The recently published data suggest that atopic patients have an enhanced ability to produce IL-4, even in response to antigens other than common environmental allergens or helminthic components. This aberrant IL-4 production by Th cells may be one of the immune alterations encoded by nonMHC genes in the control of basal IgE level [1-7]. The existence of atopen-CD4+ T cell clones that have diverse repertoires might be relevant for aetiopathogenesis of atopic diseases [8-10]. Being subjected continuously to the environmental antigens (allergens), the immune system, especially T cells, is permanently activated and stimulated in response to that challenge.
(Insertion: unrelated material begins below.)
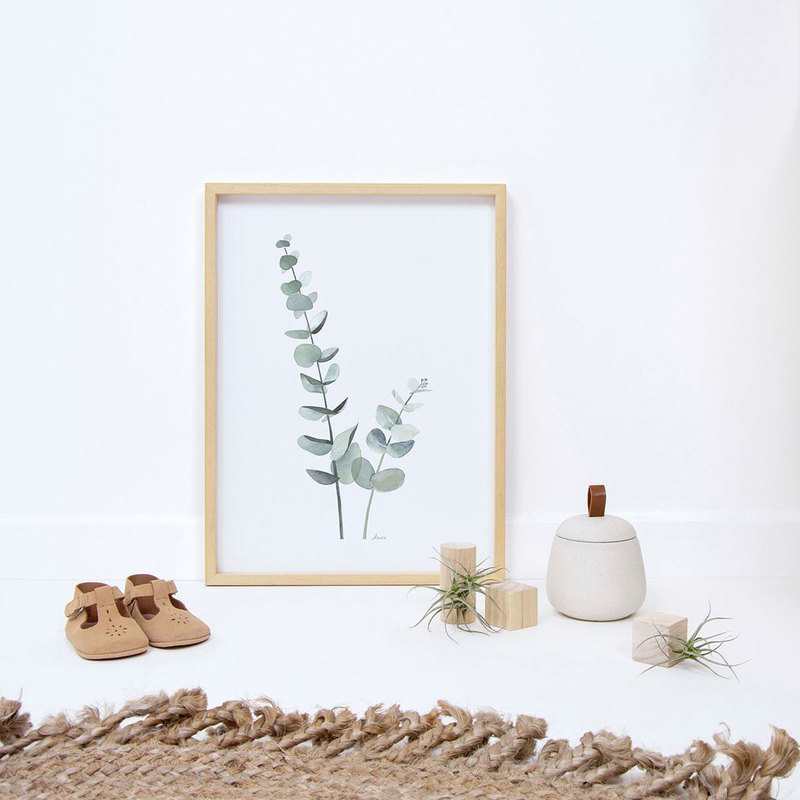 Affiche encadrée Tiges eucalyptus Lilipinso and Co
Due to that, substantial amount of diverse cytokines (and their soluble receptors) could be found in the serum. Accordingly, it could be expected to find raised serum IL-4 concentration in atopic persons. In this study we investigated concentrations of IL-4, total IgE and allergen-specific IgE in sera of atopic persons susceptible to pollen allergens. The main goal was to estimate whether the immunologic profile of atopics is defined by increased serum concentration of IL-4 apart from total and allergen-specific serum IgE.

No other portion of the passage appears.